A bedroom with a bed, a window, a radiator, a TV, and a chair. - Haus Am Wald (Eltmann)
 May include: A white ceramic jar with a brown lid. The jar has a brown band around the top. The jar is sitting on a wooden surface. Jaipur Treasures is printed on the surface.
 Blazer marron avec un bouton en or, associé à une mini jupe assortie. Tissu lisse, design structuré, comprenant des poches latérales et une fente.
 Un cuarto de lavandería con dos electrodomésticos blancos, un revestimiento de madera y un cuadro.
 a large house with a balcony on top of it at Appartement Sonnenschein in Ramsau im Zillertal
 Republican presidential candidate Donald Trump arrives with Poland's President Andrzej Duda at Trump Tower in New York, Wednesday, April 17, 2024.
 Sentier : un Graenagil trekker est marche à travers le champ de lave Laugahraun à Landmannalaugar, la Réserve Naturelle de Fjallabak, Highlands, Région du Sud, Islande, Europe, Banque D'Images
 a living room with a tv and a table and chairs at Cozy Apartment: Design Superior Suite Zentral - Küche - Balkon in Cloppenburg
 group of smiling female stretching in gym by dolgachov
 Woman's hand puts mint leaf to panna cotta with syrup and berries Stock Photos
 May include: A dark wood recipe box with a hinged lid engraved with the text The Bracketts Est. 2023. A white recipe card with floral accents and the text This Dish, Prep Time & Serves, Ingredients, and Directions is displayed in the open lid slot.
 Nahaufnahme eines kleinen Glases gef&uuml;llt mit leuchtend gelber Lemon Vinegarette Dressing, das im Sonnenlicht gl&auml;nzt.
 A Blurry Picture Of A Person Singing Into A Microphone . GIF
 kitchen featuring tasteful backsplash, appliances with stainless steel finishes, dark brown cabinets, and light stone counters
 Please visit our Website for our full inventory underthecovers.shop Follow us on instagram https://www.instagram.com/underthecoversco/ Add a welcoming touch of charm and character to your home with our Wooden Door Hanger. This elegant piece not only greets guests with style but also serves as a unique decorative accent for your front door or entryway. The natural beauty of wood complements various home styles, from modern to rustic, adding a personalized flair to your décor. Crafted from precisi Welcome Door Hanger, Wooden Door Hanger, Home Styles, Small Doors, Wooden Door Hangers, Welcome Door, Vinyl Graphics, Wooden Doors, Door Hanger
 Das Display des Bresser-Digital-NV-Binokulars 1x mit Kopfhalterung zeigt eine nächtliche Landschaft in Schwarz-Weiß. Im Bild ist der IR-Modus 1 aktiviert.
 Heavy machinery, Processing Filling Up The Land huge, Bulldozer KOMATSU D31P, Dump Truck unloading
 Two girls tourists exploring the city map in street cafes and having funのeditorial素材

_ _ _ _ _

* What you are asked to do
Copy the listing word for word.

* Worked solution
A bedroom with a bed, a window, a radiator, a TV, and a chair. - Haus Am Wald (Eltmann)
 May include: A white ceramic jar with a brown lid. The jar has a brown band around the top. The jar is sitting on a wooden surface. Jaipur Treasures is printed on the surface.
 Blazer marron avec un bouton en or, associé à une mini jupe assortie. Tissu lisse, design structuré, comprenant des poches latérales et une fente.
 Un cuarto de lavandería con dos electrodomésticos blancos, un revestimiento de madera y un cuadro.
 a large house with a balcony on top of it at Appartement Sonnenschein in Ramsau im Zillertal
 Republican presidential candidate Donald Trump arrives with Poland's President Andrzej Duda at Trump Tower in New York, Wednesday, April 17, 2024.
 Sentier : un Graenagil trekker est marche à travers le champ de lave Laugahraun à Landmannalaugar, la Réserve Naturelle de Fjallabak, Highlands, Région du Sud, Islande, Europe, Banque D'Images
 a living room with a tv and a table and chairs at Cozy Apartment: Design Superior Suite Zentral - Küche - Balkon in Cloppenburg
 group of smiling female stretching in gym by dolgachov
 Woman's hand puts mint leaf to panna cotta with syrup and berries Stock Photos
 May include: A dark wood recipe box with a hinged lid engraved with the text The Bracketts Est. 2023. A white recipe card with floral accents and the text This Dish, Prep Time & Serves, Ingredients, and Directions is displayed in the open lid slot.
 Nahaufnahme eines kleinen Glases gef&uuml;llt mit leuchtend gelber Lemon Vinegarette Dressing, das im Sonnenlicht gl&auml;nzt.
 A Blurry Picture Of A Person Singing Into A Microphone . GIF
 kitchen featuring tasteful backsplash, appliances with stainless steel finishes, dark brown cabinets, and light stone counters
 Please visit our Website for our full inventory underthecovers.shop Follow us on instagram https://www.instagram.com/underthecoversco/ Add a welcoming touch of charm and character to your home with our Wooden Door Hanger. This elegant piece not only greets guests with style but also serves as a unique decorative accent for your front door or entryway. The natural beauty of wood complements various home styles, from modern to rustic, adding a personalized flair to your décor. Crafted from precisi Welcome Door Hanger, Wooden Door Hanger, Home Styles, Small Doors, Wooden Door Hangers, Welcome Door, Vinyl Graphics, Wooden Doors, Door Hanger
 Das Display des Bresser-Digital-NV-Binokulars 1x mit Kopfhalterung zeigt eine nächtliche Landschaft in Schwarz-Weiß. Im Bild ist der IR-Modus 1 aktiviert.
 Heavy machinery, Processing Filling Up The Land huge, Bulldozer KOMATSU D31P, Dump Truck unloading
 Two girls tourists exploring the city map in street cafes and having funのeditorial素材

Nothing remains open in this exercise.